The Markets in Financial Instruments Directive 2014/65/EU (MiFID II), which will apply to all Member States in the EU by 3 of January 2018, introduces significant changes on this field, as it is amending Directives 2002/92/EC and 2011/61/EU.

The key points of this regulatory framework are summarized as follows:


The Financial Conduct Authority.

  • AIM:

MIFID II ensures the investors’ protection and scrutiny of the transparency, as both were exposed by the international financial crisis, with significant changes to pre/post trade transparency, transaction reporting, corporate governance, product governance, client categorization, execution, conflicts of interest, disclosure of costs – charges and investment research.

  • SCOPE:

MiFID II extends the scope of the existing Directive (MiFID I) as it:

  1. Extends the definition of investment services by creating a new MiFID investment service of operating an organized trading facility (OTF),
  2. Extends the definition of financial instruments by creating new financial instruments including emissions allowances and
  3. Restricts certain of the MiFID I exemptions by bringing more firms within scope as commodity firms and market makers.

MiFID II requires financial services companies to capture, archive and analyze any communications from digital exchanges or face to face meetings, which lead to a transaction, with strong supervisory technological systems.

  1. New customer – facing portals,
  2. Automated call recording, storage and retrieval of client’s interaction (e.g. SMS, e-mail etc.),
  3. Design of more transparent electronic exchanges,
  4. Enhanced data storage systems and
  5. Development of report process.

MiFID II is related to the Markets in Financial Instruments Regulation 600/2014 (MiFIR), which is amending the Regulation (EU) No 648/2012, and will apply from January 2018 throughout the European Union.


Greece has not transposed yet the MIFID II Directive (2014/65/EU) in the Greek legislation. The related draft law was submitted in the Greek Parliament by 14th of December 2017 and the voting of the same is pending.

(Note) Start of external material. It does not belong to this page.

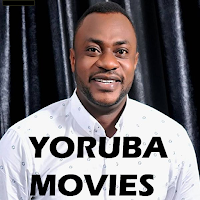 Yoruba Movies 2022 | Latest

Although, the regulatory measures of these two European initiatives might be presented as contradictory, financial firms shall accommodate both. In particular, MIFID II is a new legislation which data privacy managers must take into account, always in compliance with the G.D.P.R., in order to legally collect, store and access to personal data.

Moreover, on the one hand, MiFID II provides that all communications, which lead to a transaction (including calls on mobile devices), shall be recorded, stored and accessed for up to 7 years. On the other hand, G.D.P.R. is aiming to strengthen data protection and to support individual rights to privacy. As a result, clients and employees of a financial firm shall be informed about the record and storage of their personal data and be ensured that the period for which their personal data are stored is limited to a strict minimum.

In any case, MiFID II project managers need to consult with G.D.P.R. project managers about the technology required for any collection, storage and protection of personal data they may process.

In conclusion, the legislative framework for markets in financial instruments and protection of personal data across Europe seems to change and provide new legislative requirements but also new opportunities throughout the European Union.